Given these circumstances, a possible conflict existed, prompting a duty of inquiry. Because the district court failed to perform this duty, we vacate Rogers's conviction pursuant to the automatic reversal rule set forth in Levy, 25 F.3d at 153-54.
C. Post-Trial Evaluation of Conflict.
The government argues that Levy does not mandate dismissal under the circumstances of this case because the district court did in fact evaluate the conflict--in response to one of Rogers's post-trial pro se motions--and found that Rogers suffered no adverse effect. This argument conflates the district court's initial inquiry obligation (as to which adverse effect is not at issue) with its second obligation to evaluate a conflict and ensure it is either eliminated or waived (an obligation as to which adverse effect can matter). See id. at 153. If the district court had fulfilled its initial obligation, yet made an inadequate inquiry or obtained a defective waiver, reversal would be appropriate only upon a showing of prejudice or adverse effect. See United States v. Lussier, 71 F.3d 456, 463 (2d Cir. 1995) (citing Levy, 25 F.3d at 152). Absent the required initial inquiry, however, we have no occasion to consider whether there was an adverse effect; indeed, once it is established that a conflict was seen to be possible and was ignored, we have no occasion to consider whether there was a conflict in fact.
This result is compelled by Levy and by the policy choice implicit in Levy that the Sixth Amendment right to non-conflicted counsel is most effectively implemented when the conflict inquiry is conducted sooner rather than later. True, it is easier after trial to identify specific trial episodes in which the conflict may have been in play, and a court can then decide if the defendant in fact suffered an adverse effect or prejudice. But the sorting out of the conflict issues after trial entails findings that, even if they are sound enough be sustained, represent intuitions about why some steps were taken and others forgone, and the impact of what happened. Inevitably, the post-trial inquiry opens avenues for undetected conflicts and constitutional harms that could be foreclosed at the outset by an informed waiver or a substitution of counsel.

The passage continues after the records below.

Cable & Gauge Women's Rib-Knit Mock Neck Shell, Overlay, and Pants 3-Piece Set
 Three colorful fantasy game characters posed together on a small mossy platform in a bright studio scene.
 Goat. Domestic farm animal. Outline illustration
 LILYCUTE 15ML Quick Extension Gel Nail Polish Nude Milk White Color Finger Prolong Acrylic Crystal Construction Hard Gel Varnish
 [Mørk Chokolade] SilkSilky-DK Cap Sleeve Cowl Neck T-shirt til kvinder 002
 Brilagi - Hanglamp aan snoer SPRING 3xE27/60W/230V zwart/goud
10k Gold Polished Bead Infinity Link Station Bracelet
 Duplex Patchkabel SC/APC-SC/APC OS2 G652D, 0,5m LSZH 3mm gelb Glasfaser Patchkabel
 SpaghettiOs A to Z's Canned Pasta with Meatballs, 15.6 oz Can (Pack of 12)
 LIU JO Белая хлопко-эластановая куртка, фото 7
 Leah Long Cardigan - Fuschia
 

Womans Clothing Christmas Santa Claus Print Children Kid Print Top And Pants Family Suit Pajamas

This Court therefore adopts and applies a firm preference for prophylactic inquiry, in which any conflict is identified and either eliminated or knowingly and voluntarily waived pre-trial, over an avoidably delayed and less certain inquiry after the fact.
Because the district court entirely ignored the possibility that Rogers's counsel was operating under a conflict of interest, this Court inquires no further.
The judgment of the district court is vacated and the case is remanded for a new trial or other further proceedings.
The government stated at oral argument that it was unaware of Einhorn's position as a police commissioner until after trial.
The trial record refers to Det. Proto as a New Haven Police Department officer. On appeal, the government contends that Det. Proto was actually employed by the West Haven Police Department and was assigned to the New Haven Gang Task Force, composed of federal, state and local law enforcement officials. This is a matter that presumably would have been sorted out if a hearing had been held at the outset. Looking at the matter as it appeared to the court ex ante, we view Det. Proto as a New Haven police officer, as everyone did at trial and as may indeed be the case.